*** Block opens ***

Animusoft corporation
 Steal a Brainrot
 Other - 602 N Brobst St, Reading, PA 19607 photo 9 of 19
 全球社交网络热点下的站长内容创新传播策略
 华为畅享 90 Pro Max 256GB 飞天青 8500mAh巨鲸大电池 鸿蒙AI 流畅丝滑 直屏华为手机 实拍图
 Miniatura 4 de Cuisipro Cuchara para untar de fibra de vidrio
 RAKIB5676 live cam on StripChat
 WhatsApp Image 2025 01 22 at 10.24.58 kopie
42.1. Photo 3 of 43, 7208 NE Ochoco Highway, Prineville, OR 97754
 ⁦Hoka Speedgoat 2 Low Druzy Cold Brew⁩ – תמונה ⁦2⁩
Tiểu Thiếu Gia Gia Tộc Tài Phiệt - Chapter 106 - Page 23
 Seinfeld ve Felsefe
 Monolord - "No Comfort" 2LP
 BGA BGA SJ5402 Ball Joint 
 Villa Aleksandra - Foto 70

*** Block closes ***

__Work instruction__
The complete data above is to be written out again as it stands.

__Response area__
Animusoft corporation
 Steal a Brainrot
 Other - 602 N Brobst St, Reading, PA 19607 photo 9 of 19
 全球社交网络热点下的站长内容创新传播策略
 华为畅享 90 Pro Max 256GB 飞天青 8500mAh巨鲸大电池 鸿蒙AI 流畅丝滑 直屏华为手机 实拍图
 Miniatura 4 de Cuisipro Cuchara para untar de fibra de vidrio
 RAKIB5676 live cam on StripChat
 WhatsApp Image 2025 01 22 at 10.24.58 kopie
42.1. Photo 3 of 43, 7208 NE Ochoco Highway, Prineville, OR 97754
 ⁦Hoka Speedgoat 2 Low Druzy Cold Brew⁩ – תמונה ⁦2⁩
Tiểu Thiếu Gia Gia Tộc Tài Phiệt - Chapter 106 - Page 23
 Seinfeld ve Felsefe
 Monolord - "No Comfort" 2LP
 BGA BGA SJ5402 Ball Joint 
 Villa Aleksandra - Foto 70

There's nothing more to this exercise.